小説

『私の桃源郷』秋山こまき(『アラジンと魔法のランプ』)

 しかし今、目の前にいるこの親子なら間違いはないだろう。二人とも本当にやさしい顔をしている。私を幸せにしてくれるだろうし、私としてもこの母と娘を幸せにしてやりたかった。
 私はこの女と結婚し、そして娘の父親となり三人で暮らした。
 私は喜んで二人の望みを何でも叶えてやった。家、宝石、洋服、おもちゃ、人形など何でも与えた。彼女たちは心から感謝した。

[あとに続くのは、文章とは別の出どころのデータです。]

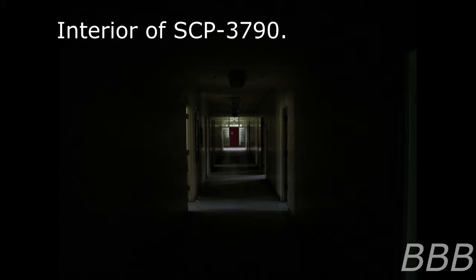Item number SCP-3790. Security level 5. Containment class: Safe. Disruption class: Dark. Risk class: Notice. Special containment procedures: the door into the stairwell leading to SCP-3790 is to be padlocked at all times and a single guard is to be posted nearby to ensure no individuals enter. By order of the Overseer Council, entry into SCP-3790 is forbidden.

 が、時が経つにつれ、その幸福が、その贅沢が当たり前のようになり、妻はありがたさを忘れ、娘も小生意気になった。二人は、臭い、汚い、うっとうしい、と私をなじるようになり、無視するようにもなった。
 私は失意に打ちのめされて、家を飛び出した。
 気がつくと、海辺に来ていた。
 この日、海は荒れ狂い、空には暗雲たれ込めていた。まるで、私の心境そのものだった。
 私は理想とあまりにもかけ離れた現実にうなだれた。砂浜にひざまずき、頭をかかえ、天に向かって叫んだ。
「誰か、誰か、ここから救い出してくれっ!」
 と、その時だった。
 灰色の空に、ポッカリと小さな穴が開き、そこから金色に輝く光が差し込んだ。
 私は確信した。今度こそ、あの穴の向こうには、私の望む世界が、私の桃源郷があることを。